====== EXTRACTED MATERIAL

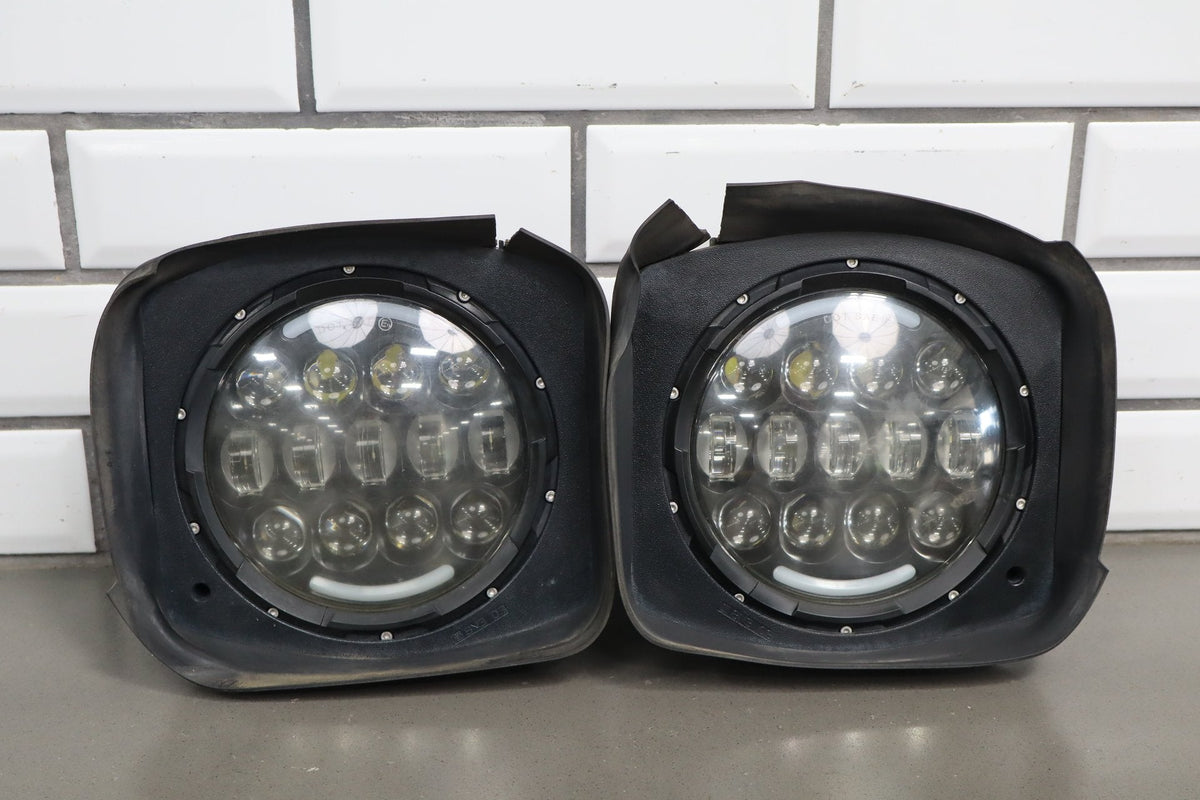 2003-2009 Hummer H2 Aftermarket LED Headlamp Set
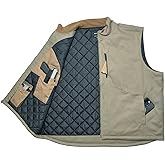 EDTREK Men's Concealed Carry Vest With Two Holster Inside - Urban Gun Vest With Zipped Chest Pocket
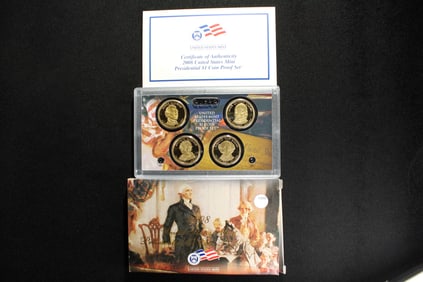 2008 - S U.S. Mint Presidential $1 Coin Proof Set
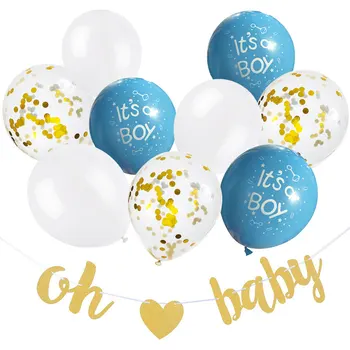 It S A Boy Balloon For Baby Shower Decoration View Baby Shower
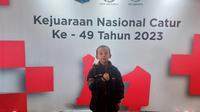 Adi Wibisana Sankara (7), atlet muda catur asal Sulawesi Selatan (Liputan6.com/Eka Hakim)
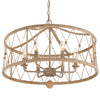 BRX-B7906-BS Brixton 6 Light Chandelier | Alternate Image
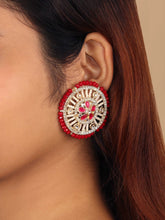 Glamorous Orbit Alloy Oversize Stud Earring - Aanya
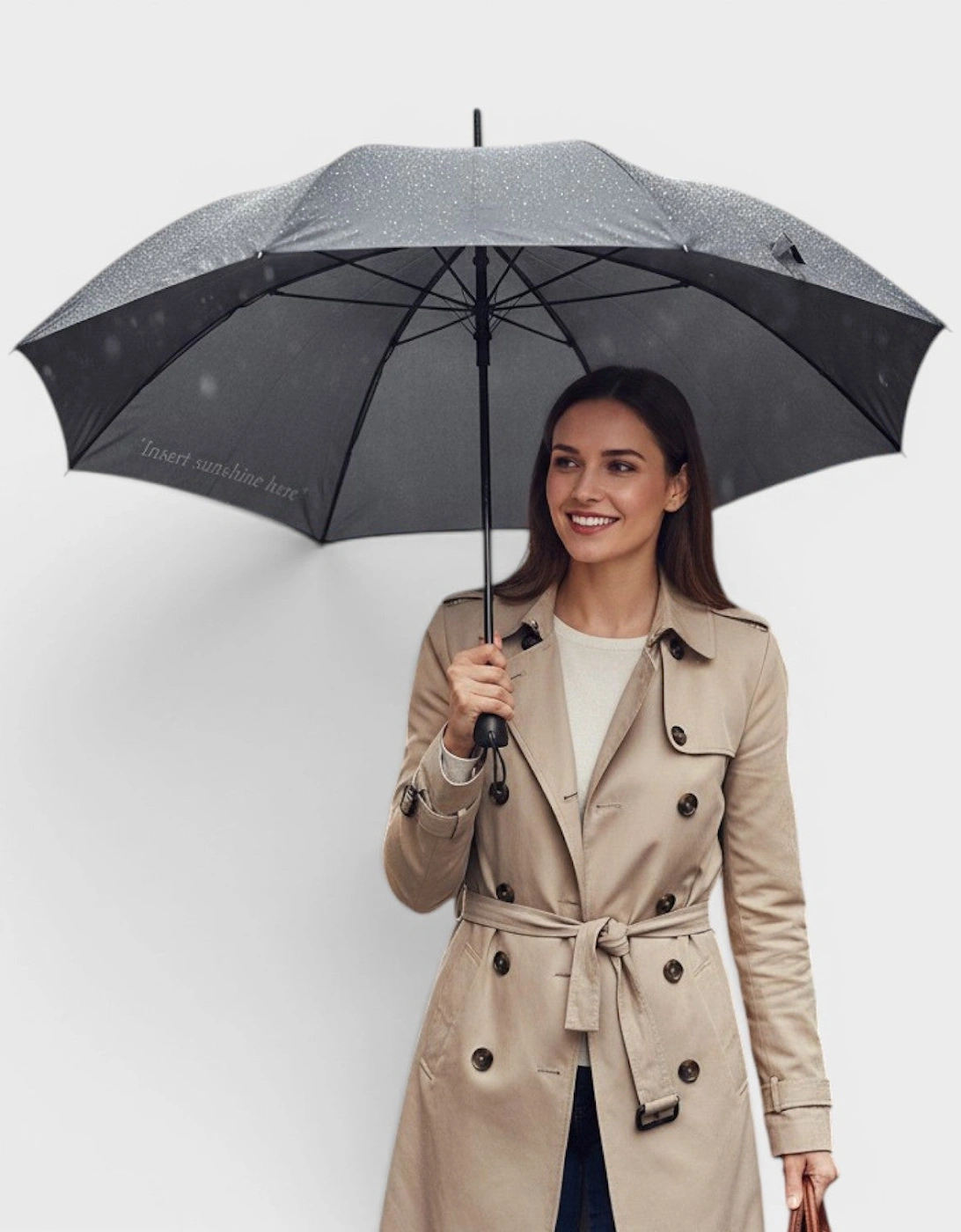 Long Umbrella Dark Grey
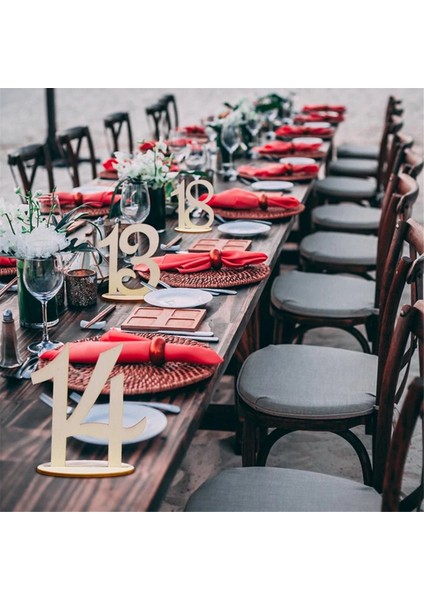 1-20 Ahşap Masa Plaka Tabanı ile Dijital Koltuk Plakası Doğum Günü Düğün Parti Dekorasyon Hediye Dekorasyon (Yurt Dışından) indirimleri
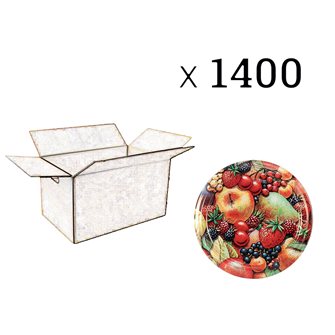 Capsules Twist-off confiture décors fruits diamètre 63 mm par 1440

============

» **WHAT NEEDS TO BE DONE**
The lines from the one containing "EDTREK Men's Concealed" to the end of the material must be output exactly, both ends included; no picture may appear.

» **REPLY TO THE EXERCISE**
 EDTREK Men's Concealed Carry Vest With Two Holster Inside - Urban Gun Vest With Zipped Chest Pocket
 2008 - S U.S. Mint Presidential $1 Coin Proof Set
 It S A Boy Balloon For Baby Shower Decoration View Baby Shower
 Adi Wibisana Sankara (7), atlet muda catur asal Sulawesi Selatan (Liputan6.com/Eka Hakim)
 BRX-B7906-BS Brixton 6 Light Chandelier | Alternate Image
 Glamorous Orbit Alloy Oversize Stud Earring - Aanya
 Long Umbrella Dark Grey
 1-20 Ahşap Masa Plaka Tabanı ile Dijital Koltuk Plakası Doğum Günü Düğün Parti Dekorasyon Hediye Dekorasyon (Yurt Dışından) indirimleri
 Capsules Twist-off confiture décors fruits diamètre 63 mm par 1440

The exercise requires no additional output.